> **Prompt**:
Give back an exact copy of the lines in the records below, from the line that has "Un homme âgé" through the line that has "202 Merseles St 503, Jersey City NJ 07302", and nothing besides.

------------------------------

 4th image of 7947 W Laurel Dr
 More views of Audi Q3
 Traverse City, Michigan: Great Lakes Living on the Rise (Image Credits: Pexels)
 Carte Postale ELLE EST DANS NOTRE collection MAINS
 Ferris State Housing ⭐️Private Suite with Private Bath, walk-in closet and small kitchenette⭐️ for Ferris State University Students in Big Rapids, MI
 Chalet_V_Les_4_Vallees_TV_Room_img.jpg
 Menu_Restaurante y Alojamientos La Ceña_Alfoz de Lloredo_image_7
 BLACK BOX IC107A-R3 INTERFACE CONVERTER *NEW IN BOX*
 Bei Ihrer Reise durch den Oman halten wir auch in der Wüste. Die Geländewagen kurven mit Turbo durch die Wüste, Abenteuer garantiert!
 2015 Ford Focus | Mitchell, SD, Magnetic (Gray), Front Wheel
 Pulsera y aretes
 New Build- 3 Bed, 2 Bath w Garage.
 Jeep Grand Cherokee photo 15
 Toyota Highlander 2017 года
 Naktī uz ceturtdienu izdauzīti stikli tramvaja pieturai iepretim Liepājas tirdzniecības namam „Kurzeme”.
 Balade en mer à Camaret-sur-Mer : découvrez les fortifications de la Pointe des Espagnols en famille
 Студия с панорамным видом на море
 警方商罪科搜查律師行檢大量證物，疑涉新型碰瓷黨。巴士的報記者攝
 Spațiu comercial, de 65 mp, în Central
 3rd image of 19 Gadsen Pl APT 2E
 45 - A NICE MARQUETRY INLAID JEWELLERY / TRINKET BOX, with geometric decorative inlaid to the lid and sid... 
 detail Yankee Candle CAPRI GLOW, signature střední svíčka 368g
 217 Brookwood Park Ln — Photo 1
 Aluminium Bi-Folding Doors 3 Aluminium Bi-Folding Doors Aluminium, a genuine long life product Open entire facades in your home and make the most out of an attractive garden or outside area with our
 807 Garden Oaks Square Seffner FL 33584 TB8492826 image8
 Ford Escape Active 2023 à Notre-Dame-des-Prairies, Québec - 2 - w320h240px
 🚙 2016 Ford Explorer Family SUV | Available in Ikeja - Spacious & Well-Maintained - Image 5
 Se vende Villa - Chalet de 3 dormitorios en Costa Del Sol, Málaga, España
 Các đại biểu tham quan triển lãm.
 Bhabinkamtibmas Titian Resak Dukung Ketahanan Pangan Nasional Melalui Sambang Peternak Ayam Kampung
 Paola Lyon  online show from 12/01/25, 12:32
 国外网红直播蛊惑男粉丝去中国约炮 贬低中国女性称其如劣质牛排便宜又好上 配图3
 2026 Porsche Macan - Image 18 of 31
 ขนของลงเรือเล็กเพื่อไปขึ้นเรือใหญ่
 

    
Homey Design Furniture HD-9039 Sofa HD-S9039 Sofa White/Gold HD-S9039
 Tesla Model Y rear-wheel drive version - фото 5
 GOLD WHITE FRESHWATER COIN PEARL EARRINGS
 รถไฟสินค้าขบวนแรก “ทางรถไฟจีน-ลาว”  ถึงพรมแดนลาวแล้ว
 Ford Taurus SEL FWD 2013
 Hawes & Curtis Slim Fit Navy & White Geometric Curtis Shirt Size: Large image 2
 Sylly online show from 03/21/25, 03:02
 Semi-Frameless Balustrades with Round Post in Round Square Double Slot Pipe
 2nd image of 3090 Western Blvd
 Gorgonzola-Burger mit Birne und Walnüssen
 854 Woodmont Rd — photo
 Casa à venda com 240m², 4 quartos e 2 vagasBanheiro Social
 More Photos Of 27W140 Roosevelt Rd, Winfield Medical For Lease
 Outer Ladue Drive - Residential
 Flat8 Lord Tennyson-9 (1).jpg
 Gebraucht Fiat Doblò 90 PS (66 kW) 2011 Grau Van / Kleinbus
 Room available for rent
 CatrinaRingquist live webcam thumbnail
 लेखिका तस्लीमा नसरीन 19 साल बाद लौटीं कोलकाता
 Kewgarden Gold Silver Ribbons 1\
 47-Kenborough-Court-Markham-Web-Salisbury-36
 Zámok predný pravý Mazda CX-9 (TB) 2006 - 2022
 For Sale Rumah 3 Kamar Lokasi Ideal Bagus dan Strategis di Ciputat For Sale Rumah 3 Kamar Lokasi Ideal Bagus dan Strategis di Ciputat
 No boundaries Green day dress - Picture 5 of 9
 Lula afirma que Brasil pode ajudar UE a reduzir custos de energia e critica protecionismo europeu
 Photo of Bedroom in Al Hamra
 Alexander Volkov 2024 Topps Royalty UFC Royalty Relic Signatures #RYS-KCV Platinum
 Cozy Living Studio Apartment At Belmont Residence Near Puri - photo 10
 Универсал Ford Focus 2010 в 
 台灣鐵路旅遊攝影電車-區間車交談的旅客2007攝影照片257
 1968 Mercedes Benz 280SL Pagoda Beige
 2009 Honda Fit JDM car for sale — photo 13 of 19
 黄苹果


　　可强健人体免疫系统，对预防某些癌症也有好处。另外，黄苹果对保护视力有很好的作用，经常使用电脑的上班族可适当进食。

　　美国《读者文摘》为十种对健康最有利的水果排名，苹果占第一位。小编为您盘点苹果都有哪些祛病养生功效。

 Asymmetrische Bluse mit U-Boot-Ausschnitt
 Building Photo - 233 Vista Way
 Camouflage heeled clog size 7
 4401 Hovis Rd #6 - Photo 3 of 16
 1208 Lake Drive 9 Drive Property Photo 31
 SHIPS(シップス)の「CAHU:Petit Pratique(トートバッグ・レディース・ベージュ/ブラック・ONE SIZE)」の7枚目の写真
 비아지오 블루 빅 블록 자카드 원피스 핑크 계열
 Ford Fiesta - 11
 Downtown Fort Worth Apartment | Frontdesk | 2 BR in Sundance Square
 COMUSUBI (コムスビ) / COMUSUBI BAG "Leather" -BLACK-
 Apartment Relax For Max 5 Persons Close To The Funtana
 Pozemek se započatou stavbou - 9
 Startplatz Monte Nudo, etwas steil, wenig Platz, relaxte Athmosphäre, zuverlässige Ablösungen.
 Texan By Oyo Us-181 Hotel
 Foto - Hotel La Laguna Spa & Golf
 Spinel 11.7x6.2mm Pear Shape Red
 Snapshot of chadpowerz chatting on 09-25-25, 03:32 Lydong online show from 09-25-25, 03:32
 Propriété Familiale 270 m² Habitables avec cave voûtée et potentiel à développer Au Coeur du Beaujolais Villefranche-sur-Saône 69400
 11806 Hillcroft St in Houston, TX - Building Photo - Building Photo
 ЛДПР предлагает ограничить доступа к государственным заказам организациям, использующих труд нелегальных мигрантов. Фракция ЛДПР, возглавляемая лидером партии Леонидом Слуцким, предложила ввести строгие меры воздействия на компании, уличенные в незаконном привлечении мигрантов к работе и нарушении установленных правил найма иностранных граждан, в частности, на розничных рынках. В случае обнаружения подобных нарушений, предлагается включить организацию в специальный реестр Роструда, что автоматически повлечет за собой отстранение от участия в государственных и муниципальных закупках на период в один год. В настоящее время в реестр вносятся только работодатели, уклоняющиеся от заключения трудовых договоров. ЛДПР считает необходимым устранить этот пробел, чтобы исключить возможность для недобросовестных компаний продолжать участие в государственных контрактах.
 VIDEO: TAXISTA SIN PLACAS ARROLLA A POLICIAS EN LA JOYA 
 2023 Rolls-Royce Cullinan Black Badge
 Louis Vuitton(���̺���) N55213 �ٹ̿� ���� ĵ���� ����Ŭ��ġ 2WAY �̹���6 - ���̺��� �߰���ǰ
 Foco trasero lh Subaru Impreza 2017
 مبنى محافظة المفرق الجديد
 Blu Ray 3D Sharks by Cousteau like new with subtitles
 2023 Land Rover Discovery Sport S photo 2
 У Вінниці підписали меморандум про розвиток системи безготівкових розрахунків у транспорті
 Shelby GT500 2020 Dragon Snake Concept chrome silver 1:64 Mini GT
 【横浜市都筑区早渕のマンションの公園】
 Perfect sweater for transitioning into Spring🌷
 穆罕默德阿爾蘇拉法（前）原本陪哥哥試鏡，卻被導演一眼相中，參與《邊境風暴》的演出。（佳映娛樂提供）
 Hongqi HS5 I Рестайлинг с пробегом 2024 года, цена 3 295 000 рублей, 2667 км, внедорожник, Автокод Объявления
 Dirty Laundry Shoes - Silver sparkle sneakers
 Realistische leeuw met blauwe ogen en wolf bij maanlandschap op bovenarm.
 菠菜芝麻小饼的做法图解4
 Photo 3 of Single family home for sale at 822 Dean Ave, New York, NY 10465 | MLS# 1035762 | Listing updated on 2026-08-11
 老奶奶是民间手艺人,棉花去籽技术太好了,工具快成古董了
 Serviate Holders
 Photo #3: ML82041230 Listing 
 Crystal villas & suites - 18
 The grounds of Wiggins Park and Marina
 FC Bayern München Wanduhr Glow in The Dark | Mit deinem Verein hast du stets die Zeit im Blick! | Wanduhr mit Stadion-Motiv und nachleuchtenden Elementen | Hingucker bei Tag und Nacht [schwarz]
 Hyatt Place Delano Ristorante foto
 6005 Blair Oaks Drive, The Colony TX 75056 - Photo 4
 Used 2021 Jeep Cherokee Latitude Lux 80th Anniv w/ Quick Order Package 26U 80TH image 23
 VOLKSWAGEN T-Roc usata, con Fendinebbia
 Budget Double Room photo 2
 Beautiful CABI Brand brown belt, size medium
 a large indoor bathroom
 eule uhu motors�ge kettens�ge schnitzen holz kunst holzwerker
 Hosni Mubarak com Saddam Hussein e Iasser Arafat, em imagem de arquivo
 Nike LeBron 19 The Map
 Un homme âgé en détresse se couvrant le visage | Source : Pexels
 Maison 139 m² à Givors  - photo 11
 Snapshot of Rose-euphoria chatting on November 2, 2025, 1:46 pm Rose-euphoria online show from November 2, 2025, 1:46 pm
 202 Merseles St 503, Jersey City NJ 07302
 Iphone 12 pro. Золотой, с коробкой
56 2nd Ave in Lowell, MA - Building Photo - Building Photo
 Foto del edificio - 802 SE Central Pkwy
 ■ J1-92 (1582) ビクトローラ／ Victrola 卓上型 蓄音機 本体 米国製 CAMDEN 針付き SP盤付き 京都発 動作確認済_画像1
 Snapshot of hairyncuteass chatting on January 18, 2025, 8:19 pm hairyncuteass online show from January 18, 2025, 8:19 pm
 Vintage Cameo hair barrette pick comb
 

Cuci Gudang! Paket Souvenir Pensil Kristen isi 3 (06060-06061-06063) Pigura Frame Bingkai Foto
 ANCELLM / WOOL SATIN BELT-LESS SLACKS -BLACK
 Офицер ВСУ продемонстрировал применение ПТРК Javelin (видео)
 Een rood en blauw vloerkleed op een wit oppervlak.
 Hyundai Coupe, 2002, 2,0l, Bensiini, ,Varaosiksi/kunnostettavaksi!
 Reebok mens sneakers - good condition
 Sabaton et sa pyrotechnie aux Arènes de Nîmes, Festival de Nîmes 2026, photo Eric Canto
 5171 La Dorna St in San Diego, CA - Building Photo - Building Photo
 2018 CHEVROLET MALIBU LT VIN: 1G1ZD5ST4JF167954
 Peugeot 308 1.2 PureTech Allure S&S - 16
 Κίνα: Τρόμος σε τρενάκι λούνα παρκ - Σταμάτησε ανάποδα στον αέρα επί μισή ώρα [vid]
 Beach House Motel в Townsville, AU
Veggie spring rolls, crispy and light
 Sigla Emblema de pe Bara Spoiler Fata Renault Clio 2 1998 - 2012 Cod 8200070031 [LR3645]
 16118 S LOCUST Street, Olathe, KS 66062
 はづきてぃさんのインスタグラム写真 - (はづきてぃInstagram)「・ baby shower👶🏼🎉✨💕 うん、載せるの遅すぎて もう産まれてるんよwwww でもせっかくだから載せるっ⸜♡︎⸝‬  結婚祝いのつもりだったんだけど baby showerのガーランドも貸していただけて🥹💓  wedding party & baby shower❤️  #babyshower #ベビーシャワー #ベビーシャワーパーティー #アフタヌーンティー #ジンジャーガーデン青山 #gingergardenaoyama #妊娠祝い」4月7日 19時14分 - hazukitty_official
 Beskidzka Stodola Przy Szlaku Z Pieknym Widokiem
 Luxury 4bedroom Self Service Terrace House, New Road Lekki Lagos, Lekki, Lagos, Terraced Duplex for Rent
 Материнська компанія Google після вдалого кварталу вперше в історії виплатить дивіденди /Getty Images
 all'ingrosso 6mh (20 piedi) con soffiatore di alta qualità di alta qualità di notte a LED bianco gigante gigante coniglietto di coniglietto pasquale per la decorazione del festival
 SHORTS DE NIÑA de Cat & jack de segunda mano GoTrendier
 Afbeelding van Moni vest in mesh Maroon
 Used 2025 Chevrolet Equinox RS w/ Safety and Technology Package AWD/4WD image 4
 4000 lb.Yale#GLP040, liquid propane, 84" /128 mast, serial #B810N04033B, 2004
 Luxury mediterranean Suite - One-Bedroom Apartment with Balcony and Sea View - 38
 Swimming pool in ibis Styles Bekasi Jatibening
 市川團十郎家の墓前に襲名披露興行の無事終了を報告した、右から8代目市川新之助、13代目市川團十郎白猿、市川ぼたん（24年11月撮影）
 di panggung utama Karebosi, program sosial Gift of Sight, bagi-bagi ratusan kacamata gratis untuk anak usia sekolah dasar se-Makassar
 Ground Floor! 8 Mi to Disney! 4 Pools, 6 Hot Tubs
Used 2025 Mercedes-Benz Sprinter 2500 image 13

------------------------------

> **Result of this exercise**:
 Un homme âgé en détresse se couvrant le visage | Source : Pexels
 Maison 139 m² à Givors  - photo 11
 Snapshot of Rose-euphoria chatting on November 2, 2025, 1:46 pm Rose-euphoria online show from November 2, 2025, 1:46 pm
 202 Merseles St 503, Jersey City NJ 07302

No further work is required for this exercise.